We must fight the war against existing. Going from day to day like hamsters on wheels, fulfilling the rat race mentality, all the while crying out from the depths of our hearts, “Is this it?” That internal voice shouting back in defiance to merely existing is worth paying attention to and dare I say, taking action on.
The odds might be stacked against you. They always are when you are doing anything bigger than you. The path ahead might be foggy but don’t look back with eagerness to return to the place you left. It’s the appetite for the familiar past, or the comfortable present that keeps us from heeding the call to live. The Bible tells us this about the people of faith, “For if they called to mind that place from which they came from, they might have found opportunity to return.” (Hebrews 11:15)
A Different Lens
I propose that we see death as a driving force to live our best life now, no matter what age or stage of life we are in. Let’s view death as a motivator, not an intruder. When we all understand that we are dying, a sense of urgency overtakes lethargy and apathy. We will wake up every day with passion to live by design and not default.

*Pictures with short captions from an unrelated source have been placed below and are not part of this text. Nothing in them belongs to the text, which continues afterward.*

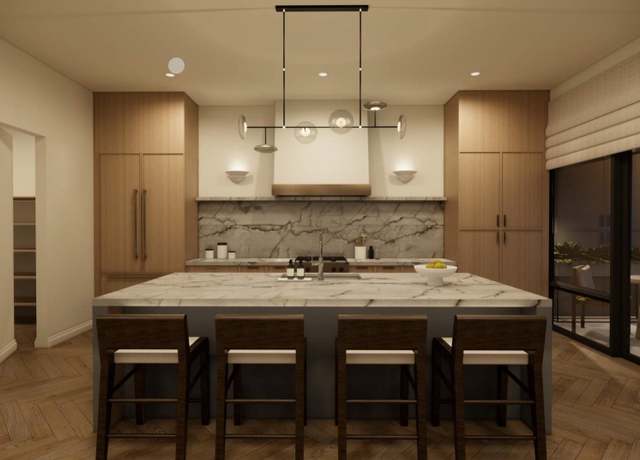 Property at 207 W Grandview #205, Traverse City, MI 49684, 3 beds, 2.5 baths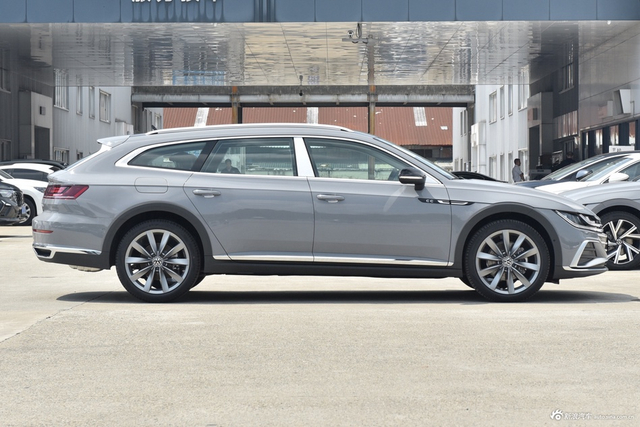 2025款一汽-大众CC 改款 猎装车 380TSI 猎心 众享款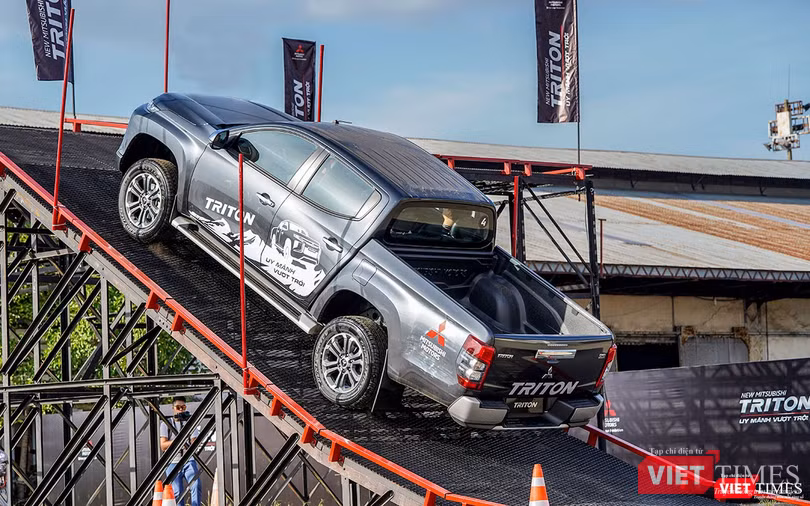 Hệ thống hỗ trợ khởi hành ngang đốc cho phép người lái có thể bỏ chân phanh trong 3 giây sau khi nhấn phanh cho xe dừng lại hẳn giữa con dốc.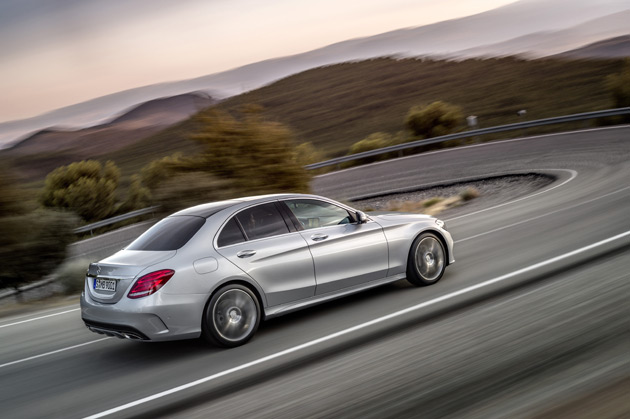 2015-Mercedes-Benz-C-Class4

This is what made Jesus effective in thirty three years on earth. He used every opportunity knowing that He was born to die. Death seemed to give perspective on life. “I must work the works of Him that sent Me while it is day, for the night is coming when no one can work.” (John 9:4). When we are not willing to accept death as inevitable, we will remain stuck in mediocrity, never rising to excellence. How long we live is not an indicator of how well we live. Jesus only had three years of ministry, but the effect of it is still felt today. How are you living the life you have been given?
Living comes with serving. “For the Son of man did not come to be served but to serve and to give His life as a ransom of many.” (Mark 10:45). The most direct route to living is through serving. Recently one CEO stated the service industry is the new engine of job creation taking over from the manufacturing industry. This might sound progressive, but for Jesus service was His modus operandi. When an argument rose among His disciples on who was the greatest, Jesus taught them how to descend to greatness through service instead of ascending through power and assertion.
In whatever we do, serving, not profit should be our priority. When we only seek profit we end up selling our soul to the highest bidder or sometimes the lowest when desperation sets. Start serving where you are and grow from there. The opportunity to serve is everywhere. Roman philosopher Maurice Tullius Cicero is quoted as saying, “Non nobis solum nati sumus” which means, “Not for ourselves alone are we born.”